Le 1er novembre, c'est carnaval, et les vivants se mêlent aux morts pour une fête baroque et débridée. Cinq personnes, du monde des vivants, doivent se retrouver au "Terminal Café" de la Necroville locale pour participer aux réjouissances bien particulières organisées par l'un d'entre eux. Mais des événements complexes se sont développés sur de multiples plans de sorte que le rendez-vous est manqué et que chaque protagoniste va vivre de son côté ces quelques heures denses et folles où tous les risques sont pris, tous les dés jetés. Chacun y trouvera le dénouement de son histoire personnelle en même temps que se déroule, avec parfois leur participation involontaire, un tournant fondamental du système social et de l'avenir de l'Humanité.

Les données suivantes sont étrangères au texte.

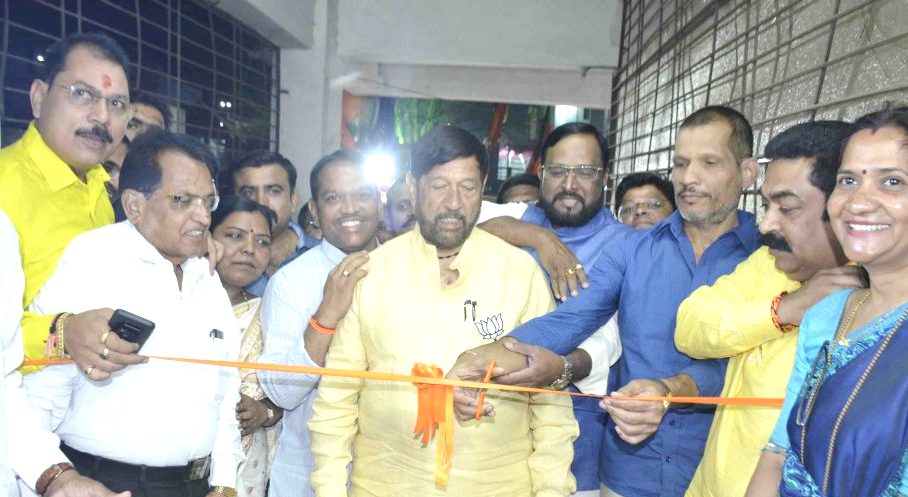 राष्ट्रवादी काँग्रेस ही पार्टी नव्हे, तर पवार घराण्याने चालवलेली कंपनी; पालकमंत्री गिरीश बापटांचा हल्लाबोल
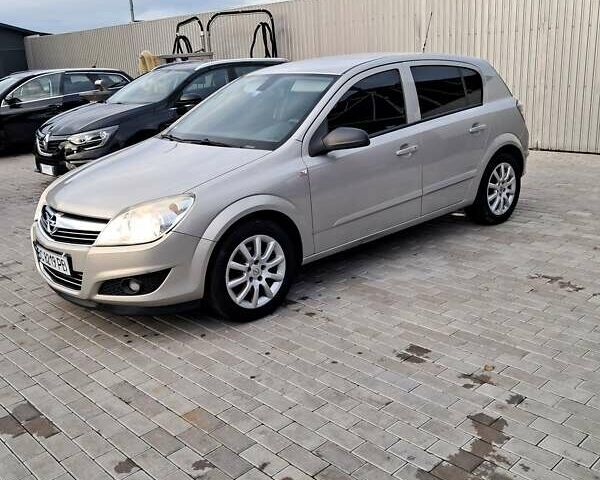 Опель Астра 2008 в Червонограде на Automoto.ua Бежевый Опель Астра, объемом двигателя 1.6 л и пробегом 340 тыс. км за 4600 $, фото 15 на Automoto.ua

Par certains côtés, ce texte rappelle un peu "Né avec les morts" de Silverberg mais, ici, les ressuscités sont bien plus que de riches oisifs qui veulent seulement qu'on les laisse tranquille pour vaquer à leurs occupations stériles. Ici, les morts sont foisonnants de possibilités, de désirs, de violence, de projets, de créativité… de vie. Comme l'écriture de McDonald, pour laquelle le qualificatif d' “imagée” est un pâle euphémisme. Au point que parfois il en fait même trop pour moi. Le texte n'est certes jamais alourdi par des exposés pseudo-scientifiques, ni même par des explications linéaires de ce qui s'est passé et pourquoi, mais le lecteur peu attentif ou peu habitué à la SF moderne risque de perdre pied assez souvent. Il y a d'ailleurs un épisode vers la fin que j'ai relu attentivement trois fois sans réussir à discerner avec certitude ce qui s'était passé, et ce que sont devenus les personnages. Peu importe, ce livre m'a donné l'impression que l'auteur, pourtant remarqué, de Desolation Road n'était alors qu'un novice hésitant ; quelques années et quelques livres plus tard il a concocté ici un cocktail explosif dont l'inconvénient majeur est qu'il risque d'être trop fort pour certains.